Now that the dams on the Elwha River have come down, several species of salmon will once again be able to migrate upstream to spawn – and some Oncorhynchus nerka may finally be able to make it downstream to the ocean, before returning to freshwater to start the cycle anew.

The Elwha Dam in October 2011, about a month after the removal project began. 

(Image by Sam Beebe via Flickr/Creative Commons license)

Seeds, pits, and eggs

When I think of biological dispersal, the first few examples that come to mind all involve plants and seeds – the white puff of a dandelion head scattered by a gust of wind (based on the main photograph illustrating the Wikipedia page on dispersal, I’m not the only one who thinks of dandelions first); cherry pits spread far and wide by the lucky birds who found a tree laden with ripe fruit; even the squash plants sprouting from seeds tossed in a backyard compost pile.

But many organisms, animals as well as plants, disperse themselves, or are dispersed by the environment in which they find themselves: wind, or water, or humans move them around.

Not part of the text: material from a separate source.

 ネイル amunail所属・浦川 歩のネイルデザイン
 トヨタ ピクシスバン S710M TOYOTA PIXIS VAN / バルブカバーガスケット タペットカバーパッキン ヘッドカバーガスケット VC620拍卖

A team of Japanese researchers recently published a study in the journal Ecological Research detailing the dispersal of a particular type of coastal stick insect found in Japan and Taiwan, Megacrania tsudai, also known as Tsuda’s giant stick insect. Members of the genus Megacrania are large insects, usually between four and five-and-a-half inches long as adults. Only female Megacrania tsudai are found in the wild – they reproduce via parthenogenesis, an asexual process during which the young develop from unfertilized eggs. Megacrania tsudai eggs look like tiny, brown potatoes (pdf), the right size and shape for a dollhouse dinner plate, and adult females lay them often – the insects the scientists studied typically produced one egg per day.

The researchers were interested in whether or not Megacrania tsudai eggs, which are buoyant in seawater, can survive extended periods of time in the ocean – as a coastal species, they suspected that the insect might use ocean currents as a means of dispersal. They found that even after over a year spent floating in seawater, eggs hatched at the same rate as unexposed eggs (about 60% of the eggs eventually hatched, regardless of how long they had been in the water).

They also found that prolonged exposure to seawater delayed development – eggs not exposed to seawater began hatching after 120 days, while those floating in seawater for over a year didn’t begin hatching in substantial numbers until after 150 days, and some eggs were still in a pre-hatch development phase after 200 days.

In their paper, the scientists discuss the dangers Megacrania tsudai larvae and adults face as a terrestrial species living in coastal areas that regularly experience typhoons, strong winds, and floods. “However,” they write, “one or a few M. tsudai eggs are laid every day, and these eggs possess seawater tolerance and have a high variation in egg period duration. All of these characteristics are advantageous for an insect species living in a coastal forest habitat. Therefore, even if adults and larvae are completely lost due to natural disturbances, the eggs are an effective means of recovering and maintaining their population since they hatch normally after seawater exposure[.]”

Dispersal is an important way for populations to endure in the face of challenging local conditions. Megacrania tsudai eggs, just like dandelion seeds and cherry pits, can survive voyages beyond the realm of possibility for their progenitors.

Adult Megacrania tsudai on screw pine leaves in Taiwan; screw pine leaves are a primary food source for the insect.